Ты понимаешь, ты видишь — от терний не сыщешь защиты,
С ужасов полной тропы никуда не свернуть.
Невыразимо покинутый, всеми забытый,
Ты одиноко под северным небом держишь свой путь.
Кобольд идет за тобой. Плечи плащом закутай.
Путь твой все шире и шире. Распахивается окоем.
Все исчезает, становится мраком и смутой.
Дымом, туманом тают озера во взоре твоем.
Перевод Е. Витковского.
ГАСНУЩИЙ ДЕНЬ
(По мотивам Питера Брейгеля)
Разве когда-нибудь были столь горестны там, в отдаленье.
Жесты горных отрогов и так нас тревожить могли?
Зноем пылает даль. Даже самые малые тени
Изгнаны прочь из сердца этой земли,
Этой страны, что в величье отчаялась. Как безнадежно устали
Ветви твои, опаленный страданием бор!
О, Ниобея! Оттуда, из нарисованной дали,
Странным, базальтовым светом лучится простор, —
Над горизонтом — ты видишь? — пылает светило.
И одинокая поступь гремит по земле.
Словно людское тебя навсегда отпустило.
Но не навеки же ты запечатан в стекле
Этого ветра, — и тишью великой тебя охватило
Там, в угасающем свете, на корабле…
Перевод Е. Витковского.
ТЕРРАСЫ В АЛЬБИ
У древнего моста, у бастиона
Хохочет Бахус. Что ему стена!
Он обезумел. Он бежит со склона
К реке, чтоб рыскать в поисках челна,
Чтоб от собора прочь уплыть в ущелье,
К себе, в леса, в чудовищную даль,
Где властвует великое веселье
И меж стволов проносится мистраль.
Он захмелел, он бредит от испуга.
Пророчество, предчувствие, тоска
Чужих сердец. Давно ли птицы к югу
Летели?.. Будь спокойною, река,
Дай перейти себя!
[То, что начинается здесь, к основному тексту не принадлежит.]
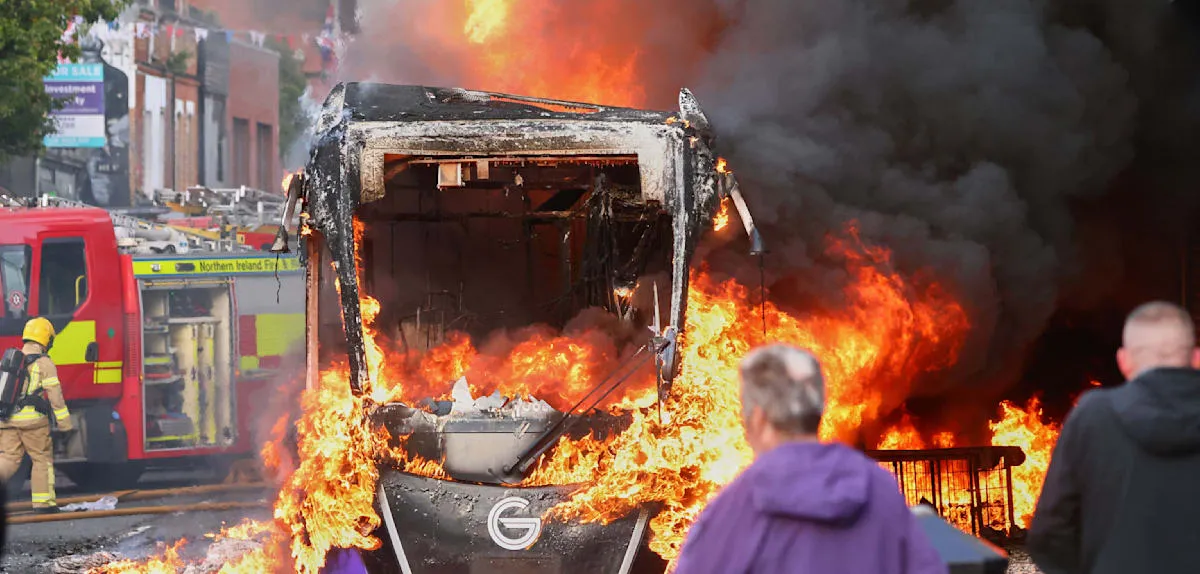 Belfast Mencekam: Serangan Pisau Picu Kerusuhan, Bus Terbakar Hebat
В ночной простор
Немыслимый вонзается собор.
Перевод Е. Витковского.
НИКА САМОФРАКИЙСКАЯ
Ступени вверх идут, как голос в хоре,
Забыта даль. Знакомый свет угас.
Лишь белизна великая, как море,
И сумрак белый обступают нас.
И как солдаты за вождем, за славой,
Мы все следим за узкою стопой,
Той неустанной. Твердой. И кровавой.
Что топчет камень. И выходит в бой.
Но ясный знак ее судьбы и воли
Увидишь сам. Она тебя вела,
Смотри теперь: всей силой нашей боли
Распахнуты победно два крыла.
И лестница плывет. И, став судьбой,
Богиня боя встала над тобой.
Лувр, Париж, 1942
Перевод Г. Ратгауза.
БОЛЬ ГОРОДОВ
Боль больших городов, исказившая облик земли,
Повели мне вещать и убийц проклинать повели,
Чтоб тройного проклятья отвергнуть они не могли!
Ибо с наших деревьев листву оборвали они,
Мы ограблены ими, лишились прохлады в тени:
Как сердца наши стонут в безжалостно знойные дни!
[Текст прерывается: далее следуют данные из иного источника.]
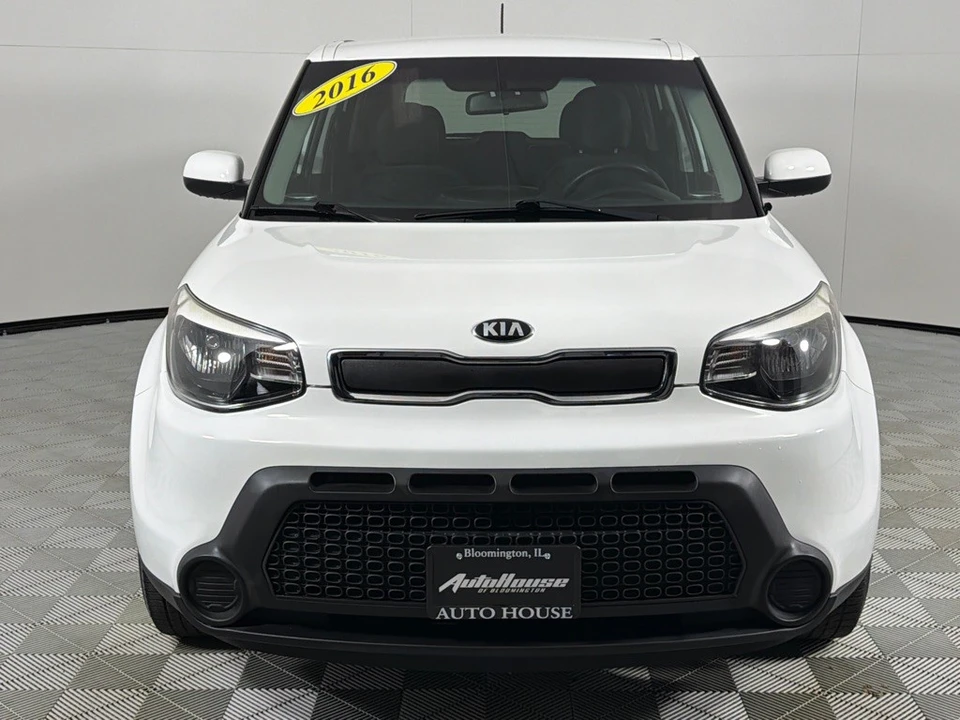 2016 Kia Soul - Image 11 of 12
Кровью брызжут фонтаны, на площади — кровь до колен
Оскверненные рощи попали в бессмысленный плен.
И рыдают во мгле голоса ослепленных сирен.
Злые недруги жаждут из ласковых наших детей
Сделать юных убийц, всех на свете наглей и лютей.
В Лету челн их летит, тяготит его бремя смертей.